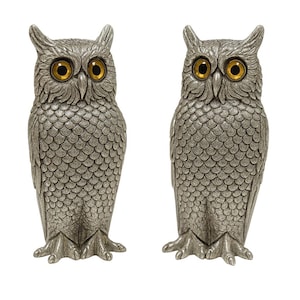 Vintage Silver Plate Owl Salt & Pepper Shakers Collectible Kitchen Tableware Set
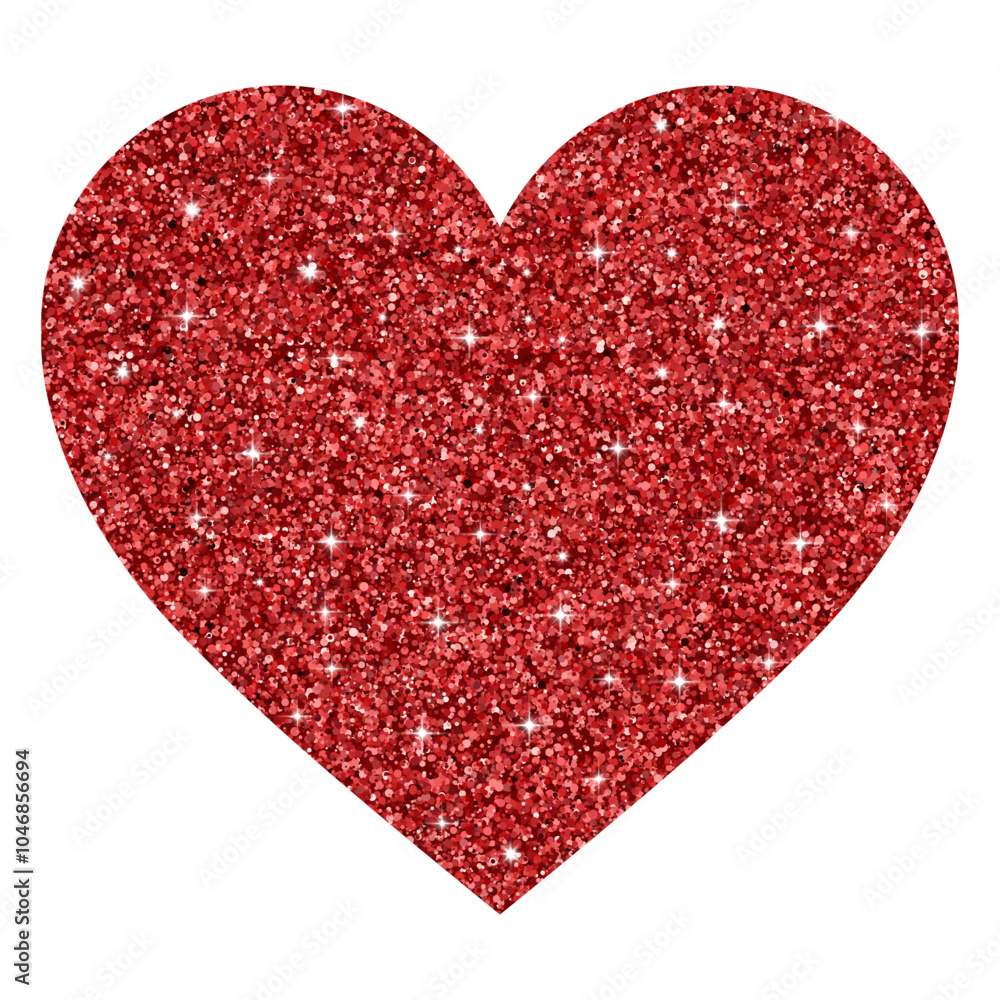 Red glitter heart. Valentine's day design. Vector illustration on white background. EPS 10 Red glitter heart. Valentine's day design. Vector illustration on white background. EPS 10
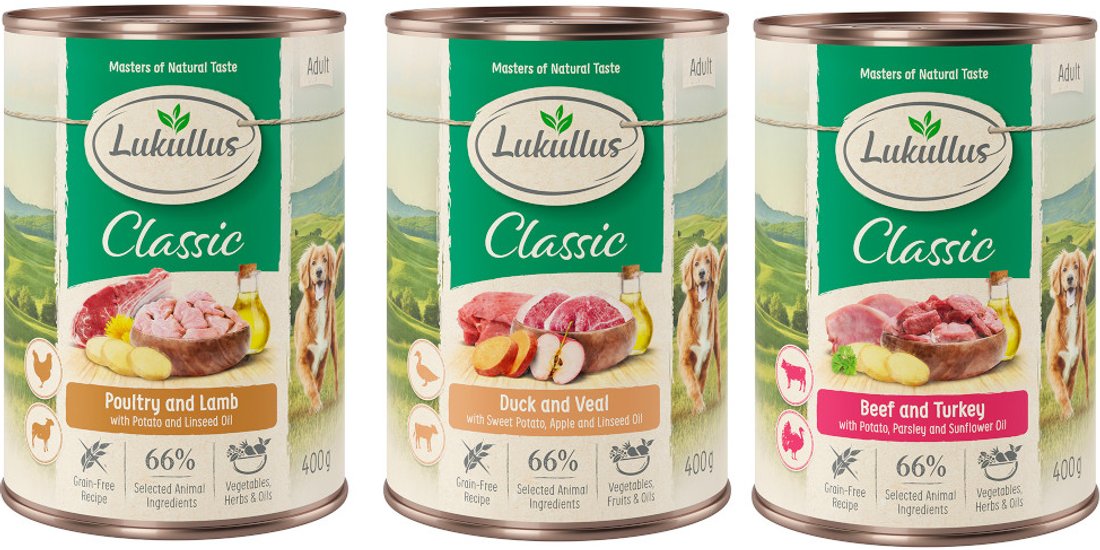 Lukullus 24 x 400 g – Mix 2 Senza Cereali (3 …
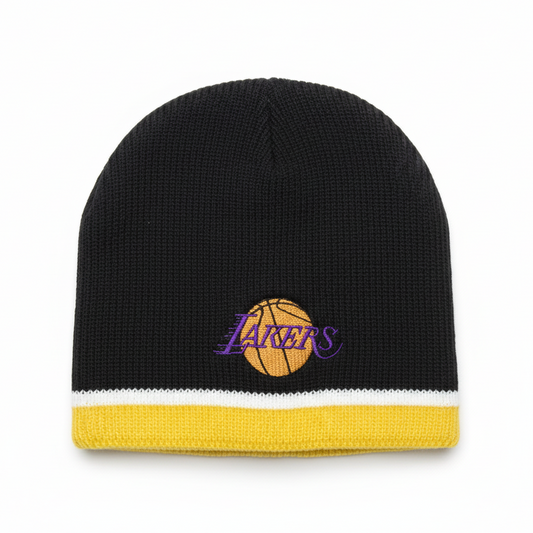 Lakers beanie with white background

----------------------------------------

• EXERCISE: Could the lines from the one with "Lukullus 24 x" through the last line of the material above be written out exactly, both included, with pictures left out?

• RESULT BELOW:
 Lukullus 24 x 400 g – Mix 2 Senza Cereali (3 …
 Lakers beanie with white background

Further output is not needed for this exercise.